# Seeking to identify a stove - Lange / Scandia - Danish?



## mattwi1 (Apr 29, 2015)

Hi. I bought a house with a kitchen stove in it. I have never used it, principally as it has no chimney/flue fitted. I think it may be Danish in origin as there are markings in the cast stating 'Lange, Svendborg'. I think Lange is a manufacturer and Svenborg is the town in Denmark where it was produced. I am confused by the Scandia markings as I know there is an Australian stove firm called Scandia but I'm pretty sure its not from Oz. 

I'd be grateful for any help identifying the stove. See pictures attached. Thanks.


----------



## begreen (Apr 29, 2015)

I would keep searching around the stove for an identifier. Look under the top plates, inside the oven door, back of stove, etc..There is a Scandia is from Taiwan that did knockoffs of European stoves. Not sure if this is the case here. I've not seen a Scandia cook stove.


----------



## DanCorcoran (May 1, 2015)

begreen said:


> I would keep searching around the stove for an identifier. Look under the top plates, inside the oven door, back of stove, etc..There is a Scandia is from Taiwan that did knockoffs of European stoves. Not sure if this is the case here. I've not seen a Scandia cook stove.



Here's a photo of a Scandia that I bought used, then resold without ever hooking it up.  Didn't learn 'til later of its poor reputation.


----------



## mattwi1 (May 29, 2015)

Thanks guys. There are other markings such as this one on the side bearing the mark of 'Lange, Svendborg' (see pic) - which leads me to believe that it is an original Danish casting not a more recent knock-off from China. I have seen an older model called a Lange 911w elsewhere on this forum, I am thinking it may be an updated version of that. https://www.hearth.com/talk/threads/lange-911w-wood-cook-stove.65470/


----------



## begreen (May 29, 2015)

Scandia may be the model name.


----------



## Wood Heat Stoves (May 30, 2015)

Scandia is a cheap Taiwan brand that replicated other stove designs. I used to sell Lange stoves, including the cookstove, before they stopped importing them into the US. My guess is that Scandia made a mold from a Lange stove and that's why the Lange name is in the casting. They never had a model called the Scandia.


----------



## BrotherBart (May 30, 2015)




----------



## BrotherBart (May 30, 2015)

https://www.hearth.com/images/uploads/Lange-911W-cookstove.jpg


----------



## billb3 (May 30, 2015)

L.Lange & Co. went out of business in 1984.
With the Scandia name on the front I'd be inclined to believe it was a Scandia (Taiwan foundry) knock off of  <something>  that they may have just put the Lange name on. Or it was a turn of the century Lange model they reverse engineered the castings. They were  served a cease and desist from selling blatant copies and for a while  just took the scandia name off their  stoves and still sold them here and there anyway, I'm guessing  until they got another cease and desist. . My dad  had a 0.6 small stove  with no name, just a serial number on the back corner.

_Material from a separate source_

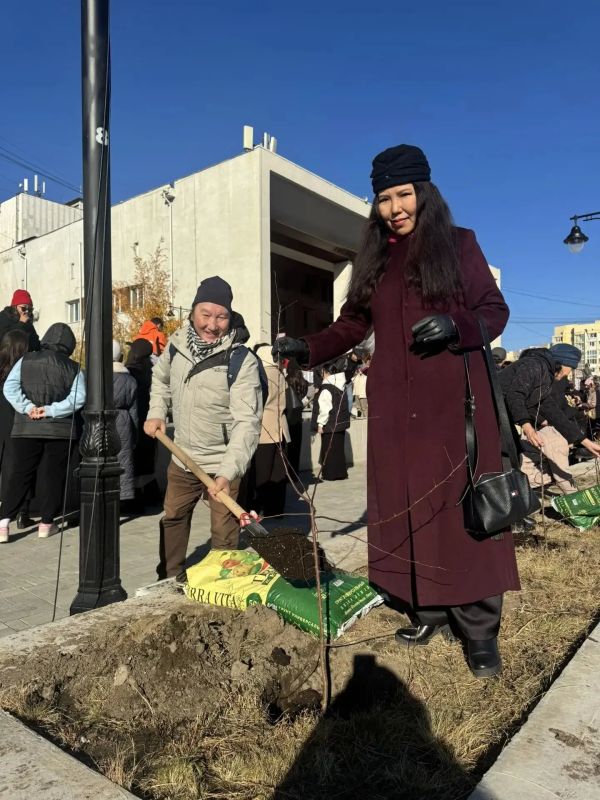 В Якутске высадили 30 яблонь в честь 150-летия Союза театральных деятелей России 27 СЕНТЯБРЯ 2026 05:33| В Якутске высадили 30 яблонь в честь 150-летия Союза театральных деятелей России 27 СЕНТЯБРЯ 2026 05:33|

I've done an image search for L.Lange & Co. cook stove and no cook stove with that name on it turn up except for images at Hearth.com.


----------



## BrotherBart (May 30, 2015)

The pics here on hearth.com were provided to us by somebody whose grandparents owned one and it had the manual and other documentation in the oven. The stove is a genuine Lange.


----------



## BrotherBart (May 30, 2015)

http://www.antiquestovehospital.com/225846311?i=71928547

25.Lange,Svendborg - Skandia.


----------



## begreen (May 30, 2015)

Maybe the name was ripped from Lange? Is Scandia name short for Scandinavian?


----------



## BrotherBart (May 30, 2015)

"Early Greek and Roman geographers used the name _*Scandia*_ for various uncharted islands in Northern Europe. The name originated in Greek sources, which used it for a long time for different islands in the Mediterranean region."


----------